§ Directions
Set down the line that has "Çiçek Pazarı Ahşap Çerçeveli Tablo 30 x 42" and each line beneath it, through the last line of the entries, exactly and with no others.

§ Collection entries
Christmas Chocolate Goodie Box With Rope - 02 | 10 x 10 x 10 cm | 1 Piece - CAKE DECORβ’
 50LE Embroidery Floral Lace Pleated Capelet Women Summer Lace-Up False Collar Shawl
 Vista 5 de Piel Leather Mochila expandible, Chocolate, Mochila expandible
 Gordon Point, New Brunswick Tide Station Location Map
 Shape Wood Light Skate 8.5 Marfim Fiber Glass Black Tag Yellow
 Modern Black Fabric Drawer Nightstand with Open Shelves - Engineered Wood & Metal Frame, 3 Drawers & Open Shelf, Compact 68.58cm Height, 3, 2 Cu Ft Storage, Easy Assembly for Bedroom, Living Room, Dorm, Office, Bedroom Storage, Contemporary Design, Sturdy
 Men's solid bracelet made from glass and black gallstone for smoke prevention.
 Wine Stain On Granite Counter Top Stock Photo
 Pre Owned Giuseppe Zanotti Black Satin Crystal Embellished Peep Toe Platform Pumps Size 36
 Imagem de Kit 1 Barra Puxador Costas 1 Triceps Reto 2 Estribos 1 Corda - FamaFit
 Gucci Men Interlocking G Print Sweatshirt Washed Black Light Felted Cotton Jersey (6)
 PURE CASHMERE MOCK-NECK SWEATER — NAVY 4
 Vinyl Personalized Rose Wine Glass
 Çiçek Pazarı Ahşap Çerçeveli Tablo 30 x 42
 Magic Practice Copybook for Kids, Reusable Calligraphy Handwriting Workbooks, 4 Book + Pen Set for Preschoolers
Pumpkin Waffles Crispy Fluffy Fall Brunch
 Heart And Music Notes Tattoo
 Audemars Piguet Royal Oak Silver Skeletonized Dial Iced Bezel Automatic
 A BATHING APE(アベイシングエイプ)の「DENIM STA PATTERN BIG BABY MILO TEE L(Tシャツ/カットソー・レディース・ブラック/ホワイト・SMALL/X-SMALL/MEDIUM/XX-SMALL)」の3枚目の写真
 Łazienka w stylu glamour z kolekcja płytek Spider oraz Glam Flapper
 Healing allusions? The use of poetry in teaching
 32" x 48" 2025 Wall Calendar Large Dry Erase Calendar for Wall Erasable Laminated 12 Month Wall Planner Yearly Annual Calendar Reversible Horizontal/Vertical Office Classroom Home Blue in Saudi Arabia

§ Reply to the task
 Çiçek Pazarı Ahşap Çerçeveli Tablo 30 x 42
 Magic Practice Copybook for Kids, Reusable Calligraphy Handwriting Workbooks, 4 Book + Pen Set for Preschoolers
Pumpkin Waffles Crispy Fluffy Fall Brunch
 Heart And Music Notes Tattoo
 Audemars Piguet Royal Oak Silver Skeletonized Dial Iced Bezel Automatic
 A BATHING APE(アベイシングエイプ)の「DENIM STA PATTERN BIG BABY MILO TEE L(Tシャツ/カットソー・レディース・ブラック/ホワイト・SMALL/X-SMALL/MEDIUM/XX-SMALL)」の3枚目の写真
 Łazienka w stylu glamour z kolekcja płytek Spider oraz Glam Flapper
 Healing allusions? The use of poetry in teaching
 32" x 48" 2025 Wall Calendar Large Dry Erase Calendar for Wall Erasable Laminated 12 Month Wall Planner Yearly Annual Calendar Reversible Horizontal/Vertical Office Classroom Home Blue in Saudi Arabia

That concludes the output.